I used to catch some live bait and hike down below the dam. We would toss into the stream and when it hit that pool at the bottom the bass would tear them up. Been a number of years since I was there so things might have changed.


----------



## joelarbear (Feb 15, 2008)

If I were you, I wouldn't bother with Lake Tuscaloosa. Lake Nichol is fairly close, and it's a much better bass fishing lake. One problem with Lake Nichol is the water is fairly clear. Make sure you use light line and smaller lures.


----------



## HIKE (Jul 10, 2008)

> *offshore64 (10/17/2008)*hike are you a student at UA?

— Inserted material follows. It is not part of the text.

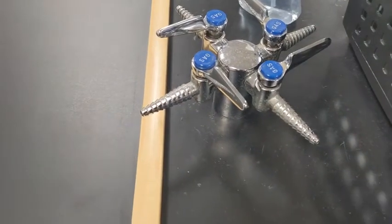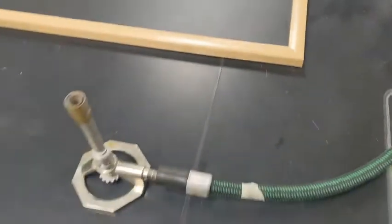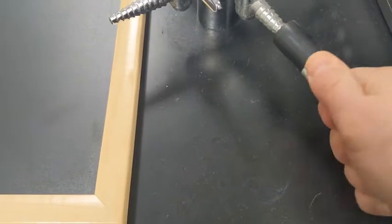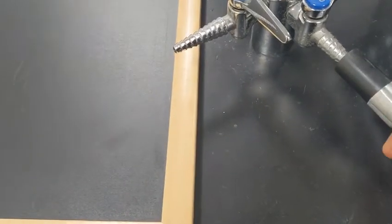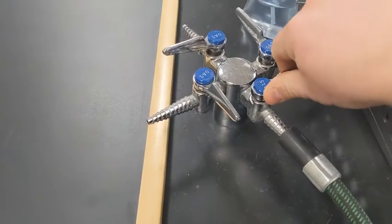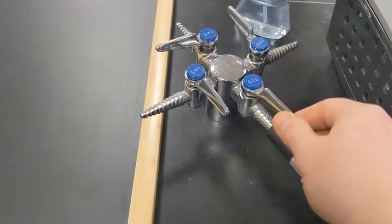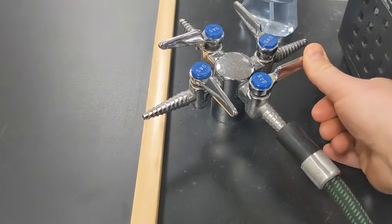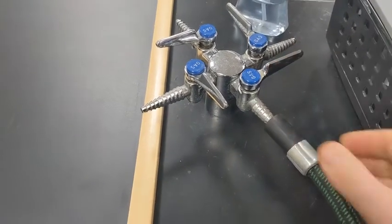The first thing we're going to do is take this tube and connect it right here — it doesn't have to go on any further than that. To turn it on, we do it that way, but we don't want to do that yet because we want to be ready to light it before we turn that on.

yea im a student. you up here too?


----------



## HIKE (Jul 10, 2008)

> *Lejet (10/17/2008)*I used to catch some live bait and hike down below the dam. We would toss into the stream and when it hit that pool at the bottom the bass would tear them up. Been a number of years since I was there so things might have changed.


yea i know where you are talking about. i dont know if they are letting people do that anymore. i know they wont let people fish on the lake side of the damn. but i might give that a try.

joelarbear- i have been out to lake nichols once but it seemed hard to fish from shore. im planning on getting one here sometime soon, just some little jon boat or somethin.


----------



## offshore64 (Sep 30, 2007)

yeah man i am. im a junior, or supposed to be. im like a semester behind i think


----------